REQUIREMENT ->
Extract every entry word for word. Skip the pictures.

SUPPLIED RECORDS ->
---+---

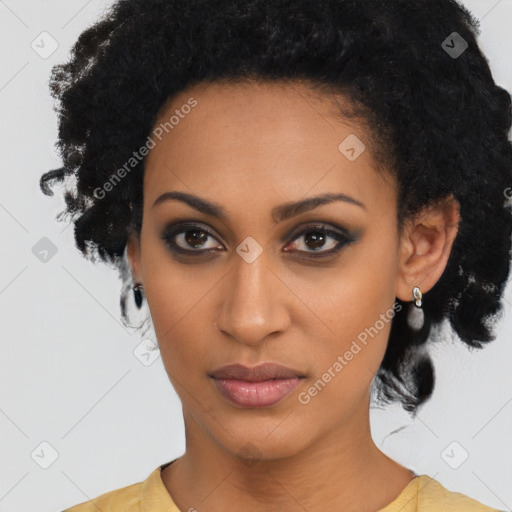 Joyful black young-adult female with medium  black hair and brown eyes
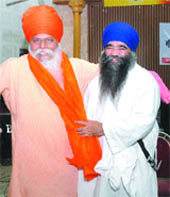 Damdami Taksal chief Harnam Singh Khalsa (right) presents a siropa to Baba Mahinder Pal after a seminar on Guru Granth Sahib and Amrit Bani in Jalandhar on Sunday. 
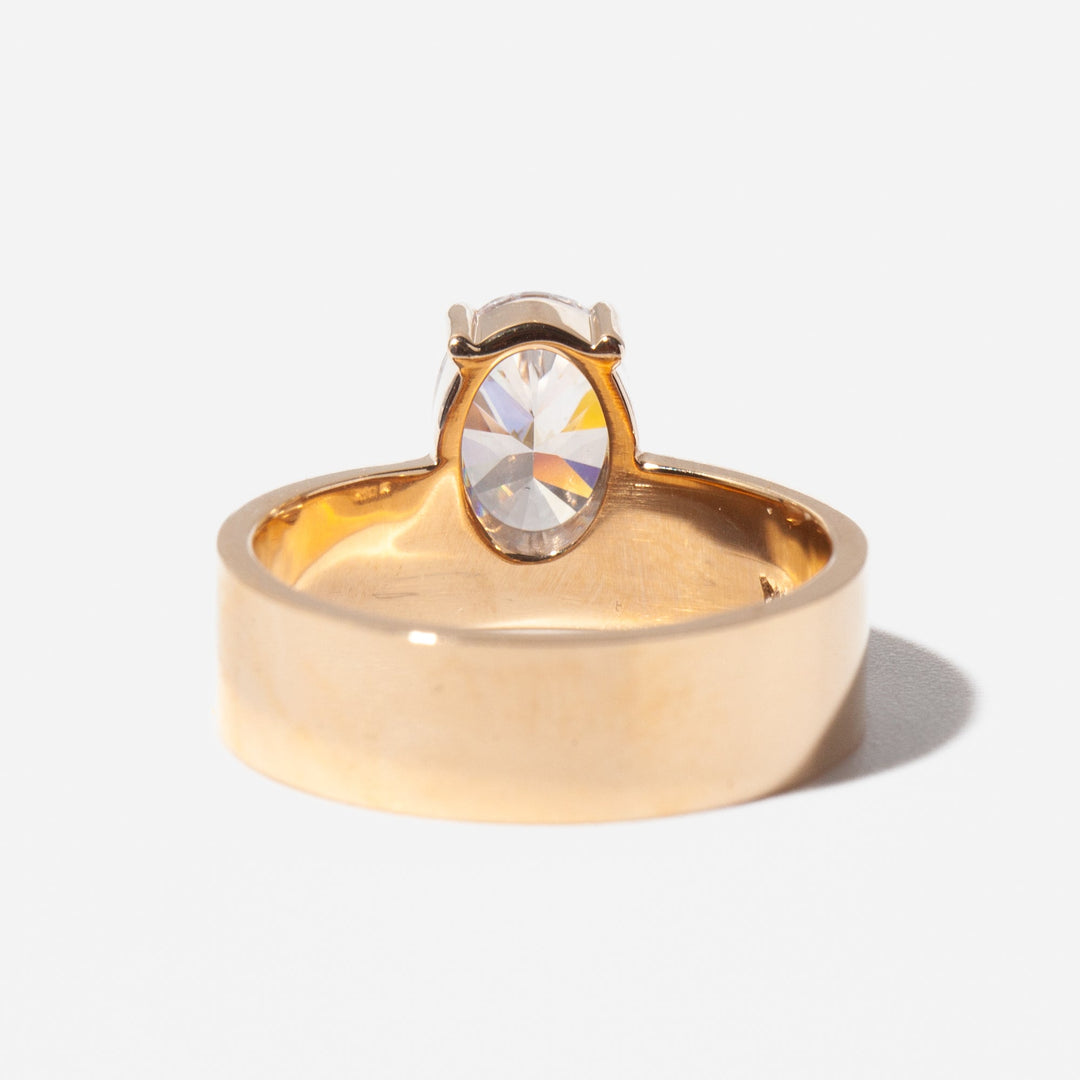 1 carat oval lab diamond monolith engagement ring set in polished gold minimalist modern design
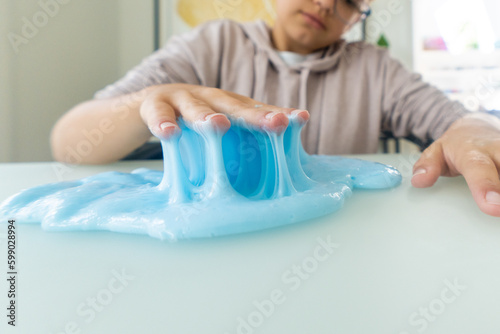 Closeup of young girl hands playing with blue sticky slime
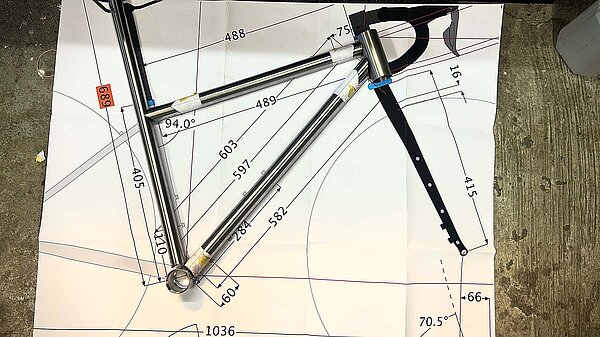 Teile eines Fahrradrahmens liegen auf einer Skizze auf einem Tisch.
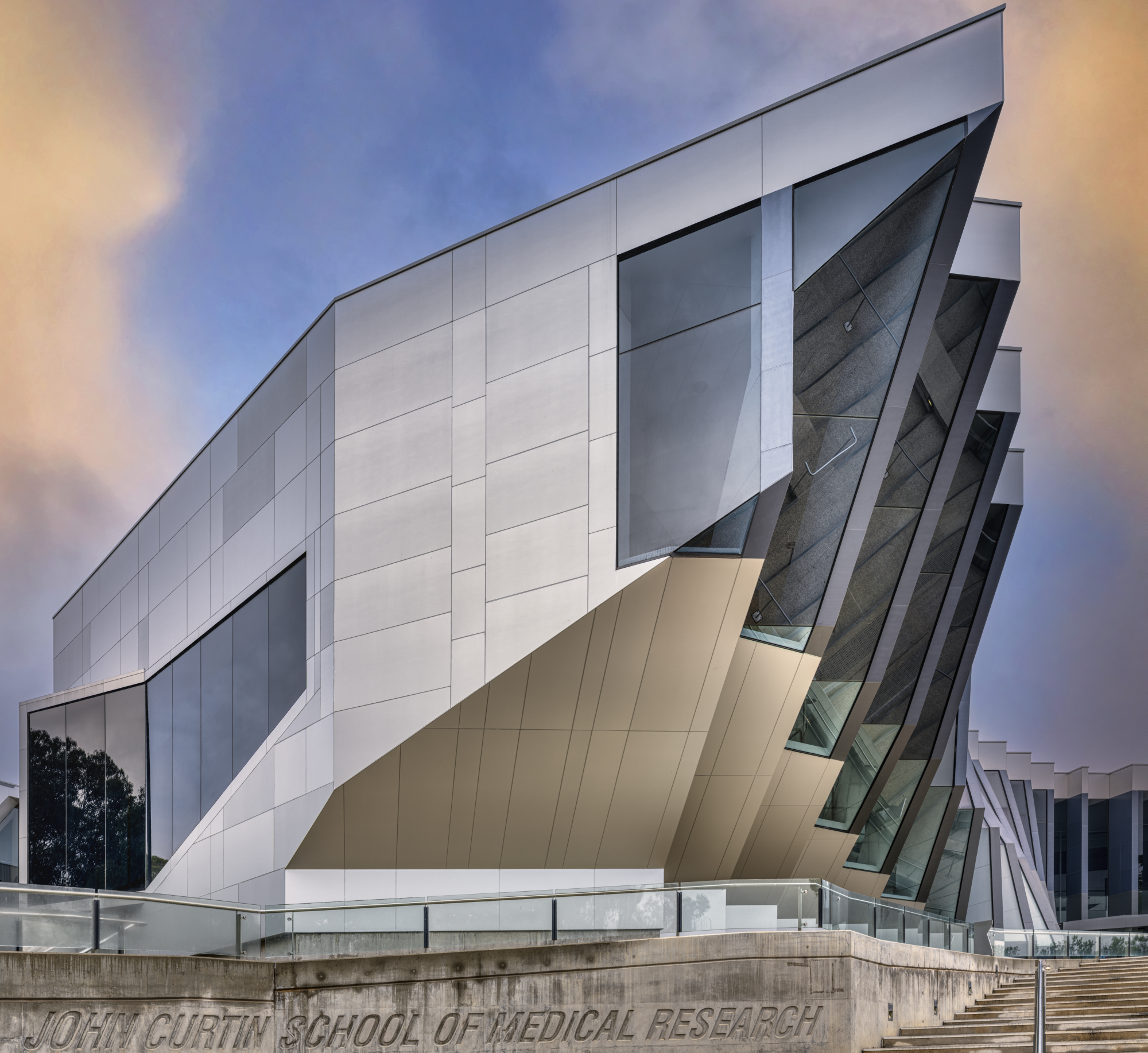 Modern building with angular architecture and large glass windows, part of the John Curtin School of Medical Research, against a colorful sky.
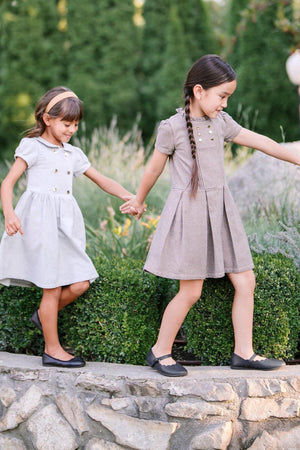 Two young girls in stylish dresses play on a stone pathway, surrounded by greenery, wearing black shoes and smiling joyfully.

---+---

TASK SOLUTION ->
 Joyful black young-adult female with medium  black hair and brown eyes
 Damdami Taksal chief Harnam Singh Khalsa (right) presents a siropa to Baba Mahinder Pal after a seminar on Guru Granth Sahib and Amrit Bani in Jalandhar on Sunday. 
 1 carat oval lab diamond monolith engagement ring set in polished gold minimalist modern design
 Closeup of young girl hands playing with blue sticky slime
 Teile eines Fahrradrahmens liegen auf einer Skizze auf einem Tisch.
 Modern building with angular architecture and large glass windows, part of the John Curtin School of Medical Research, against a colorful sky.
 Two young girls in stylish dresses play on a stone pathway, surrounded by greenery, wearing black shoes and smiling joyfully.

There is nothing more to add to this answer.